Chapter 2: Finding and Wrangling Time Series Data Flashcards
What is a ‘look ahead’ and how can it occur in time series data?
A lookahead is any way that information about what will happen in the future might propagate back in time in your modeling and affect how your model behaves earlier in time. For example, when smoothing a noisey time series, a future value could be incorporated in to the smoothed time series.
What is a general checklist when approaching time series data?
- Lookahead check: If you are smoothing data or imputing missing data, think carefully about whether it might impact your results by introducing a lookahead. And don’t just think about it—experiment as we did earlier and see how the imputations and smoothing work. Do they seem to be forward looking? If so, can you justify using them? (Probably not.)

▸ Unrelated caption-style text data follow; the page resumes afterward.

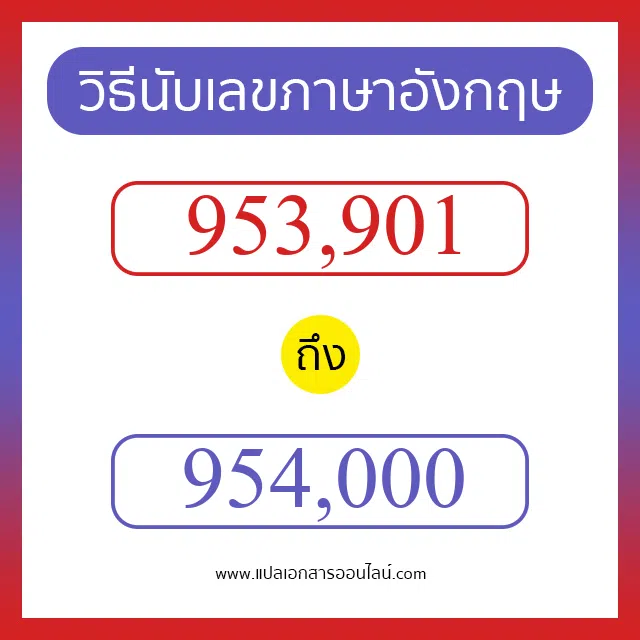 วิธีนับตัวเลขภาษาอังกฤษ 953901 ถึง 954000 เอาไว้คุยกับชาวต่างชาติ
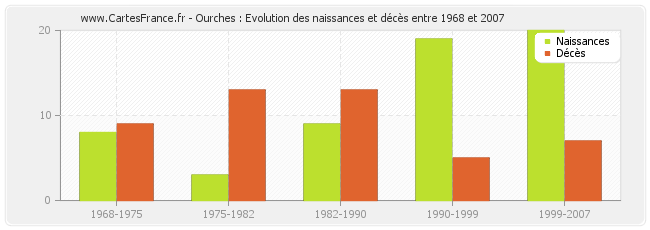 Ourches : Evolution des naissances et décès entre 1968 et 2007
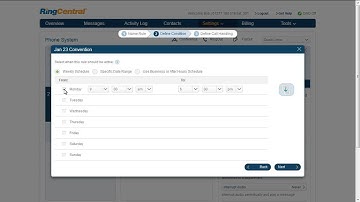Advanced Call Handling for Departments Overview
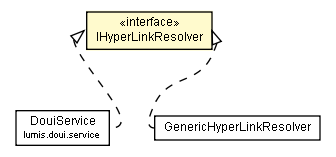 Package class diagram package IHyperLinkResolver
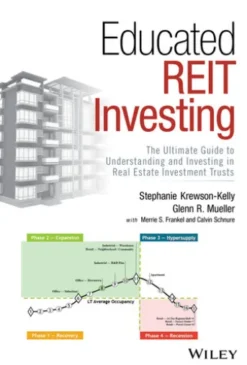 Educated REIT Investing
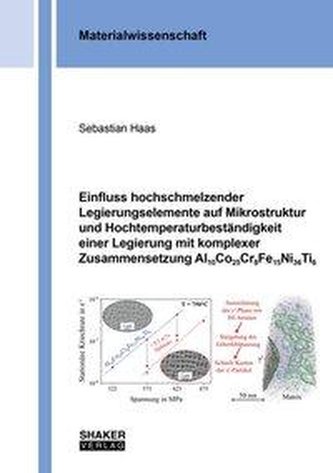 Einfluss hochschmelzender Legierungselemente auf Mikrostruktur und Hochtemperaturbeständigkeit einer Legierung mit komplexer Zus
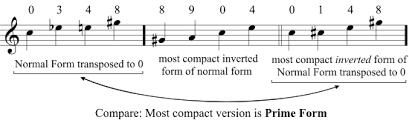This form of music has been used by composers since the medieval times in western classical music and probably further back in musical history too. Prime Form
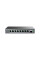 Коммутатор Grandstream GWN7701M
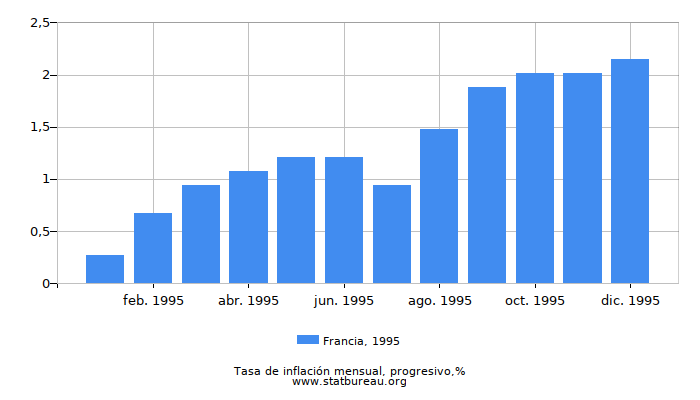 1995 Francia progresiva tasa de inflación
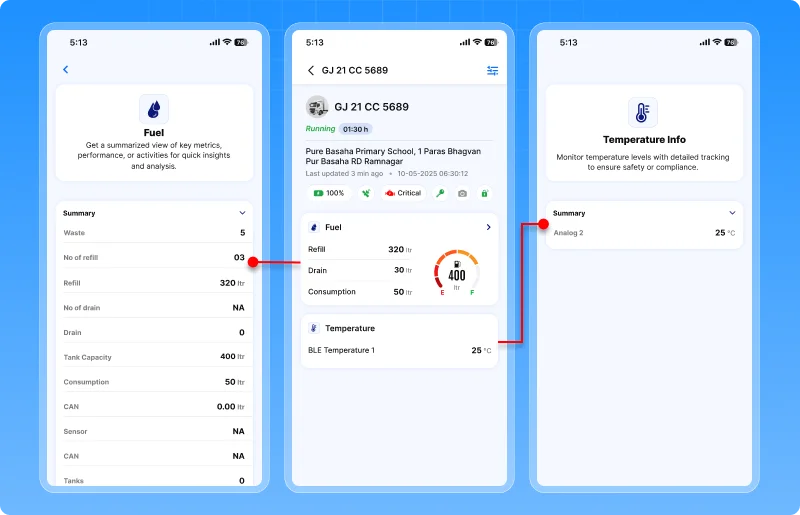 1.19 Critical fuel & temperature insights, now on mobile.webp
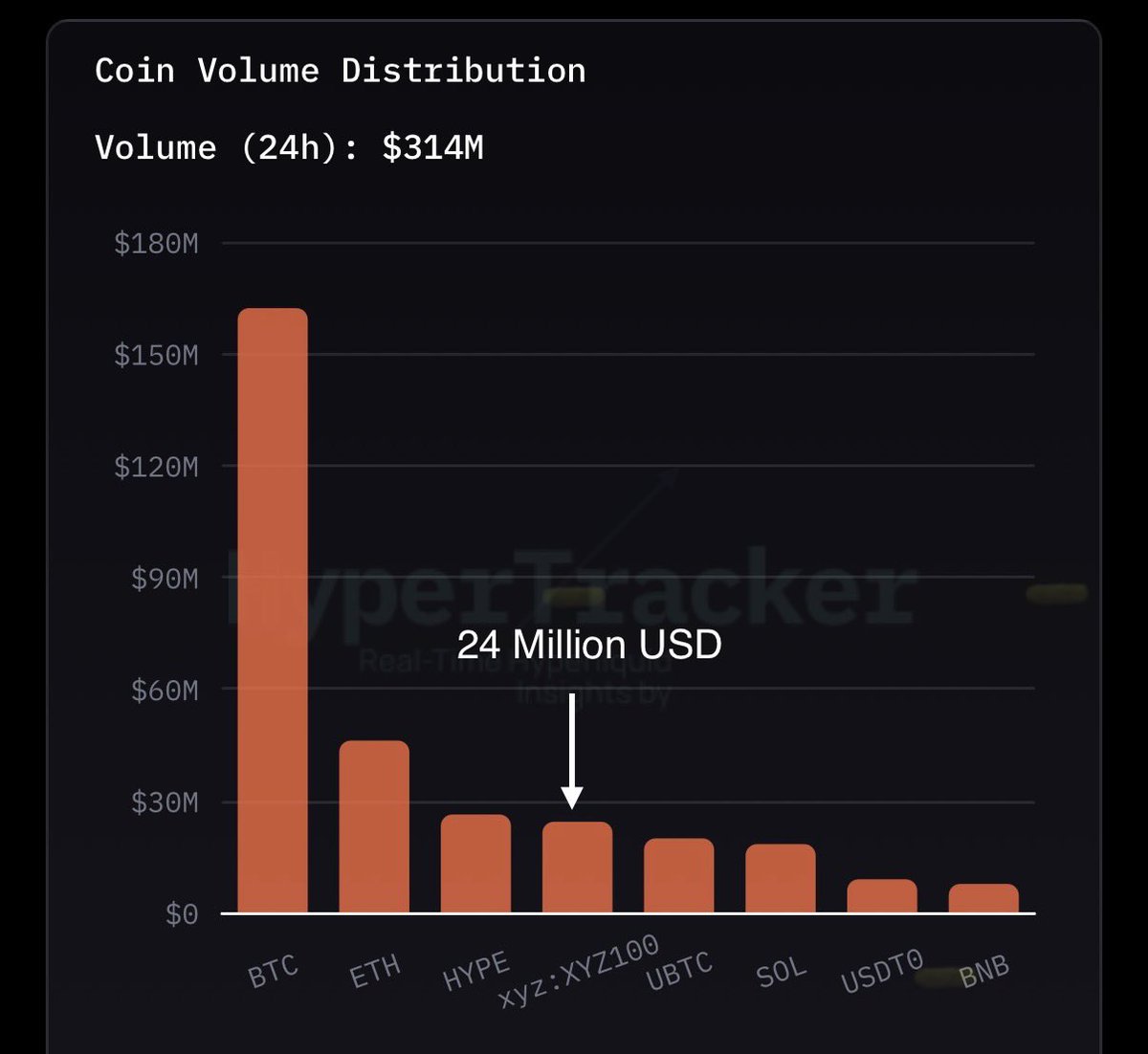 XYZ100-USD equity perp launched 24h ago. Out of the total $35M USD in 24h trading  volume, BASED traders contributed $24M USD, accounting for roughly 70% of  all XYZ100-USD volume on launch day.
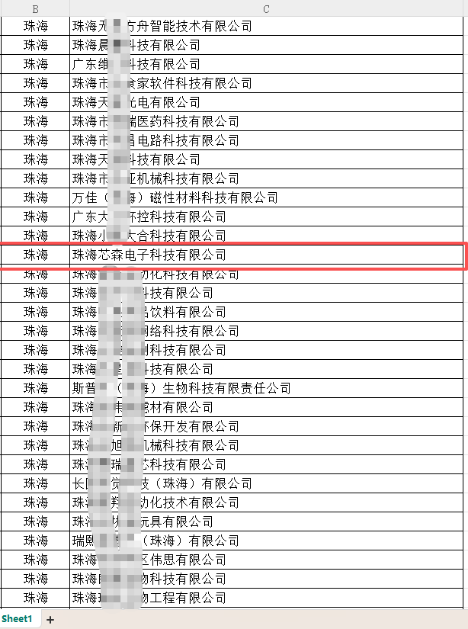 喜报｜珠海芯森成功入选2026年广东省创新型中小企业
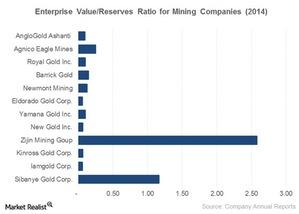 uploads///EV Reserves Ratio miners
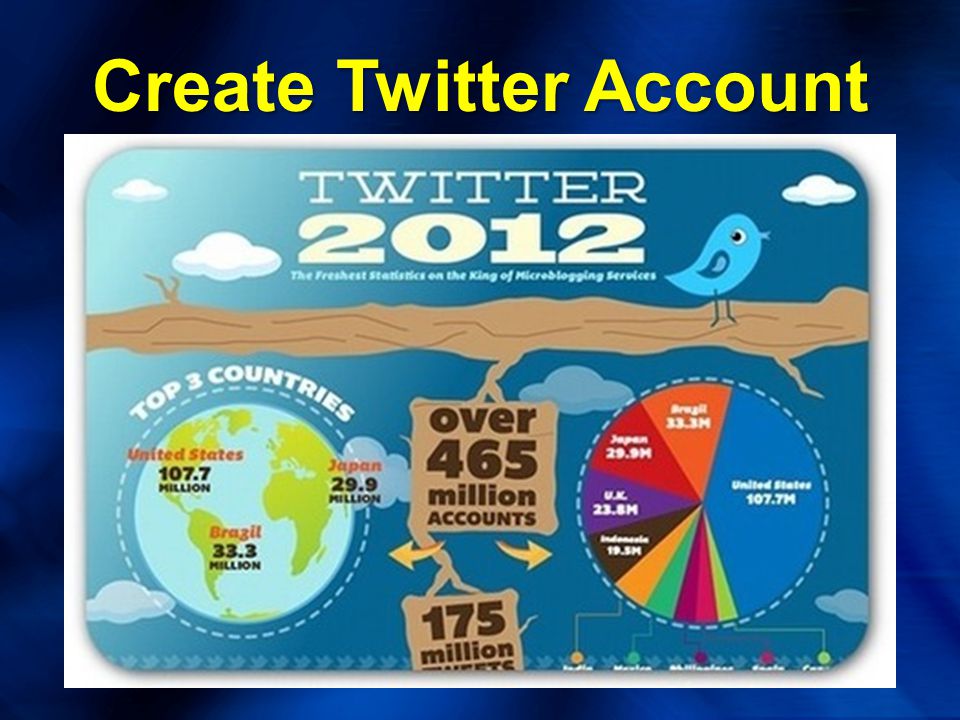 Create Twitter Account
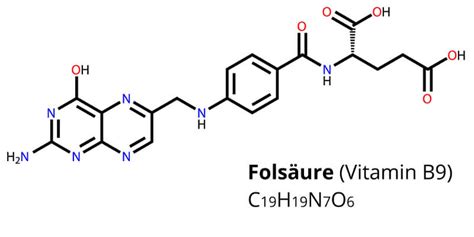 Schema der chemischen Struktur von Folsäure und Folaten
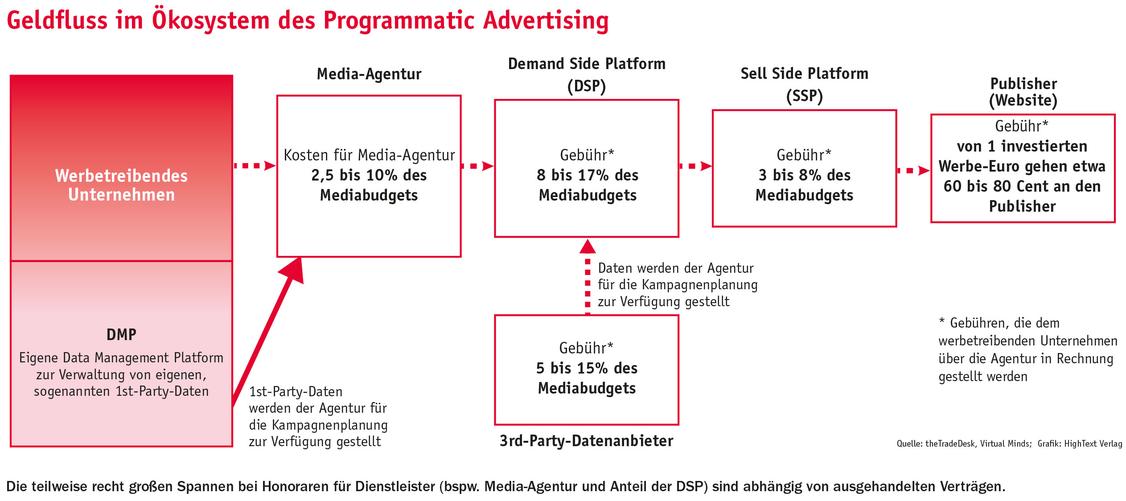  (Grafik: HighText Verlag)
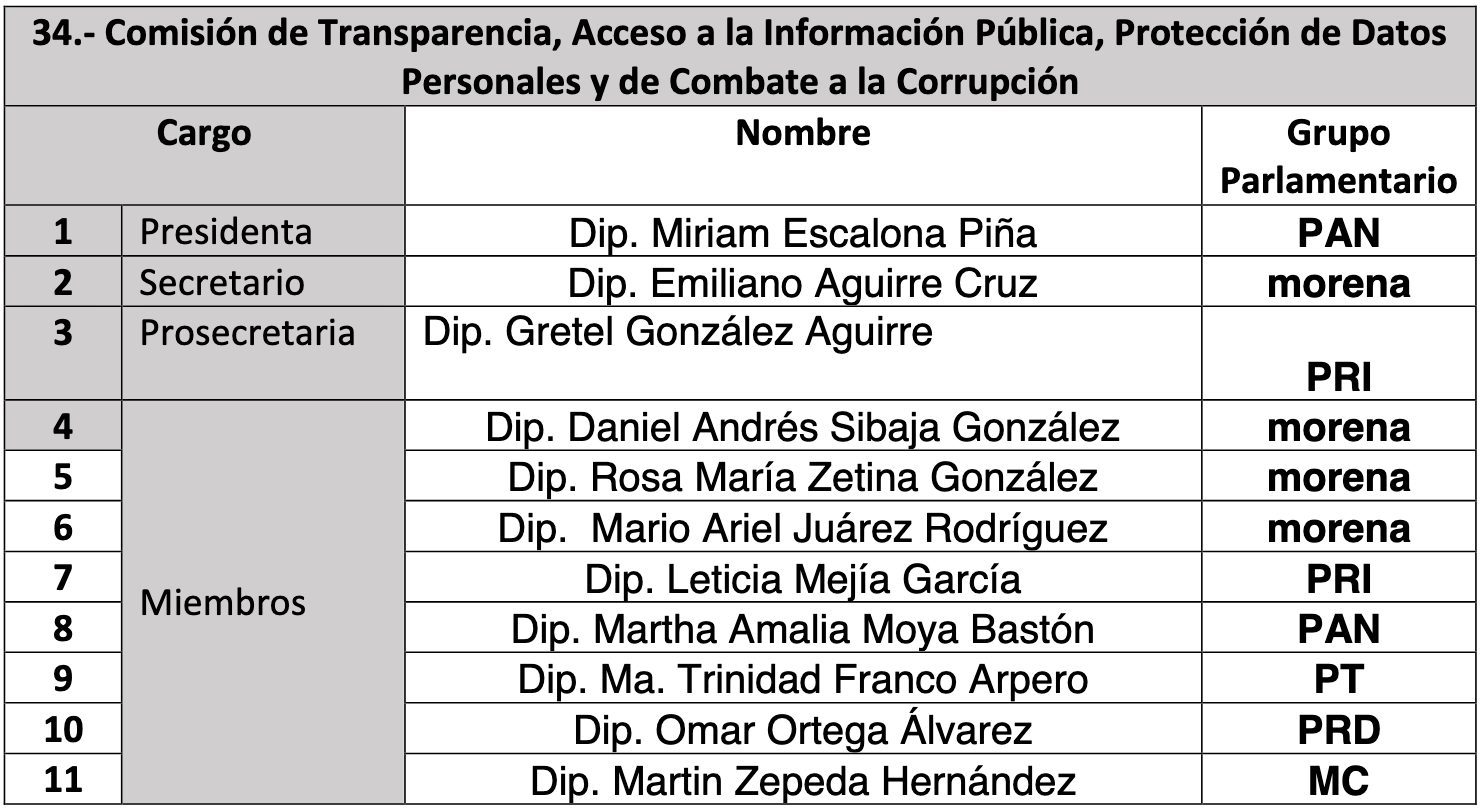 comisiones legislativas edomex 35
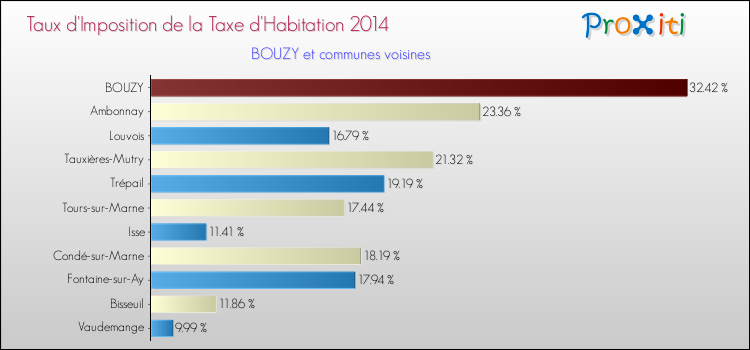 Taux d'imposition de la taxe d'habitation 2014 pour BOUZY et les communes proches Comparaison des taux d'imposition de la taxe d'habitation 2014 pour BOUZY et les communes voisines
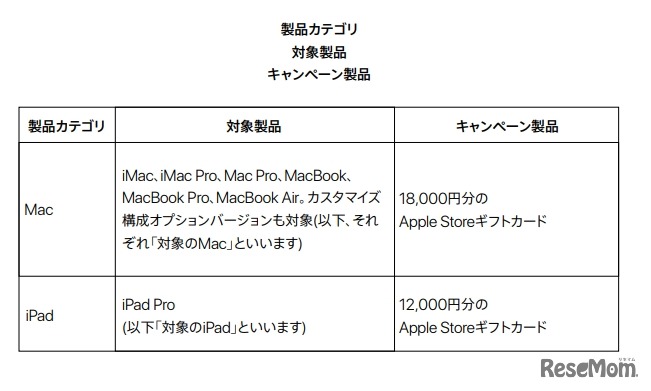 対象製品、キャンペーン製品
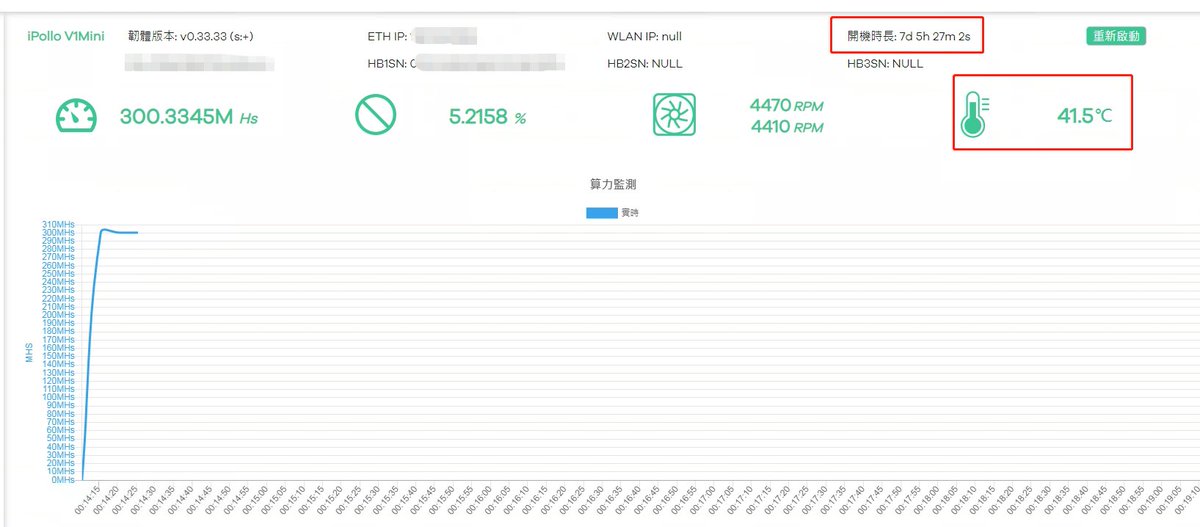Coinsoon_Miner's tweet photo. 显存：6G（目前DAG值推算这个显存是绝对够用了 毕竟两年后该pos也pos了，到时候挖分叉也好，挖etc也好，个人认为8g没什么太多用处，6g的设备性价比要高很多）

优势:小机器自带wifi模组，路由器大小，安静方便，算力大，功耗低 每小时用电0.2度，温度也很低。

下面给大家展示下运行样机的算力数据 https://t.co/tFq3GZOVvN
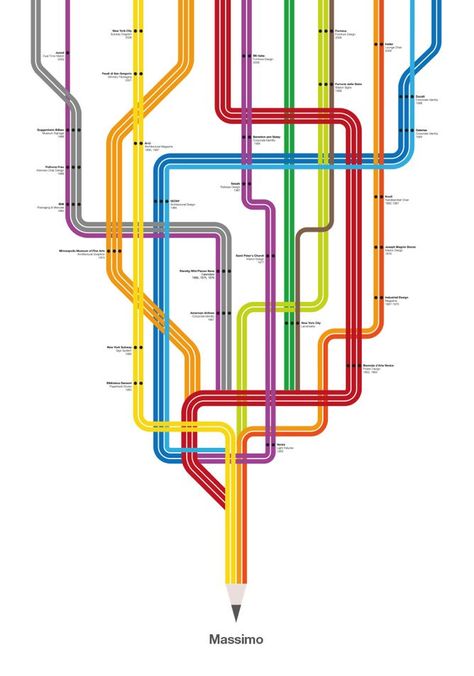 Designers Honor the Iconic Massimo Vignelli With 53 Original Posters Vignelli Design, Metro Madrid, Transit Map, Massimo Vignelli, Subway Map, 타이포그래피 포스터 디자인, Neo Geo, Design Posters, Design Week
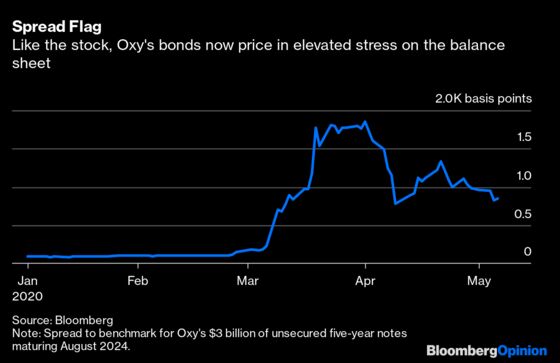 Buffett and Bondholders Are Now Oxy’s Priorities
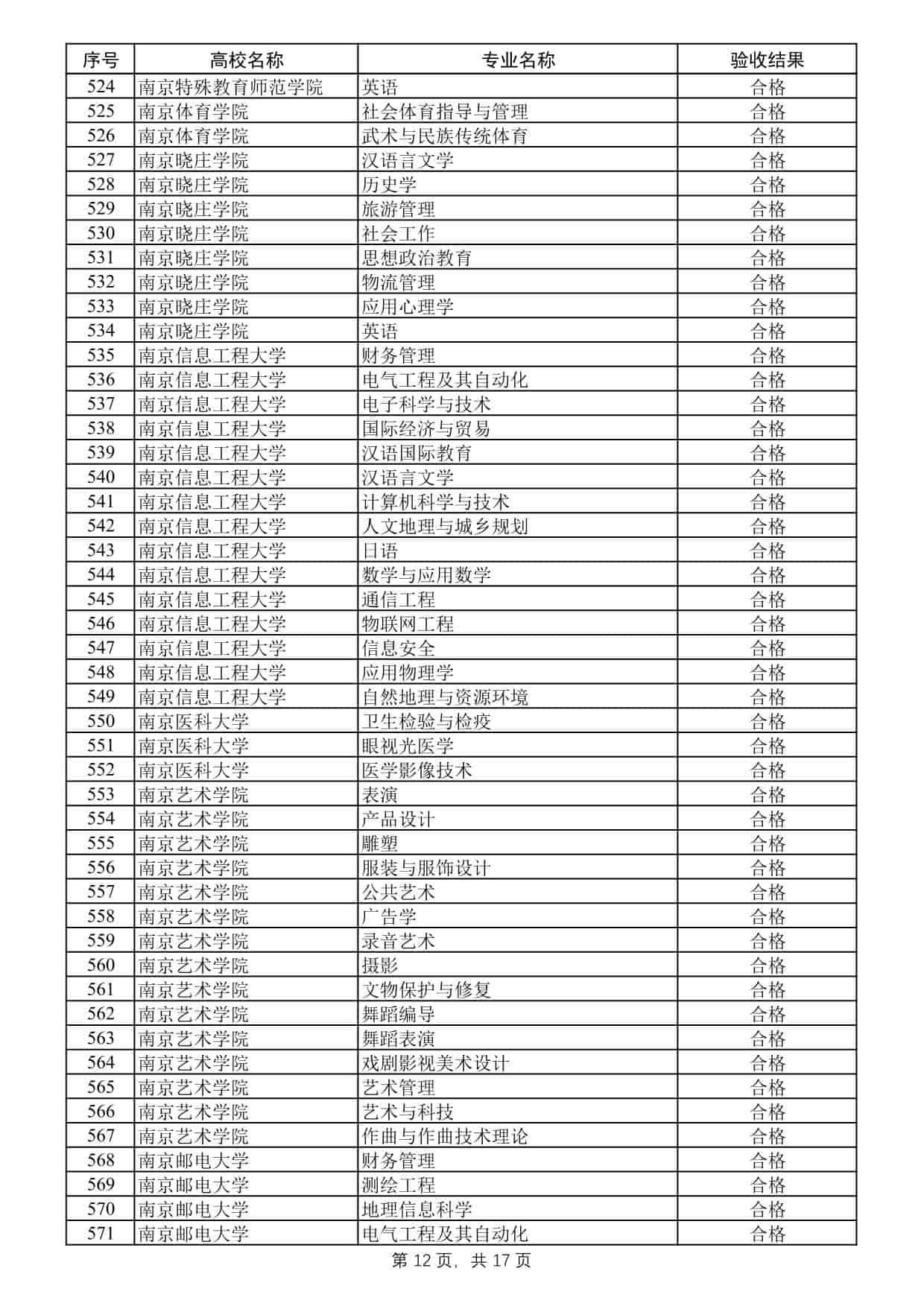 2025年度江蘇高校品牌專業(yè)建設(shè)工程二期項目驗收結(jié)果公示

- Experiment with smaller data: Build your entire process with a very small data set (only a few rows in a data.table or a few row time steps in whatever data format). Then, do random spot checks at each step in the process and see whether you accidentally shift any information temporally to an inappropriate place.
- Time stamp sanity check: For each kind of data, find out what the lag is for it relative to its own timestamp. For example, if the timestamp is when the data “happened” but not when it was uploaded to your servers, you need to know that. Different columns of a data frame may have different lags. To address this, you can either customize your lag per data frame or (better and more realistic) pick the biggest lag and apply that to everything. While you won’t want to unduly pessimize your model, it’s a good starting point after which you can relax these overly constrained rules one at a time, carefully!
- Time aware error and cross validation: Use time-aware error (rolling) testing or cross-validation. This will be discussed in Chapter11, but remember that randomizing your training versus testing data sets does not work with time series data. You do not want information from the future to leak into models for the past.
- Test model performance with intentional lookahead: Intentionally introduce a lookahead and see how your model behaves. Try various degrees of lookahead, so you have an idea how it shifts accuracy. If you have some idea of the accuracy with lookahead, you have an idea of what the ceiling on a real model without unfair knowledge of the future will do. Remember that many time series problems are extremely difficult, so a model with a lookahead may seem great until you realize you are dealing with a high-noise/low-signal data set.
- Experiment with features iteratively: Add features slowly, particularly features you might be processing, so that you can look for jumps. One sign of a lookahead is when a particular feature is unexpectedly good, and there isn’t a very good explanation. At the top of your explanation list should always be “lookahead.”
What is meant by stationarity of a time series?
A stationary time series is one that has fairly stable statistical properties over time, particularly with respect to the mean and variance.
What is meant by seasonality?
Seasonality in data is any kind of recurring behaviour in which the frequency of the behaviour is stable. For example, human behaviour tends to have a daily seasonality (lunch time between 12:00 - 13:00 everyday).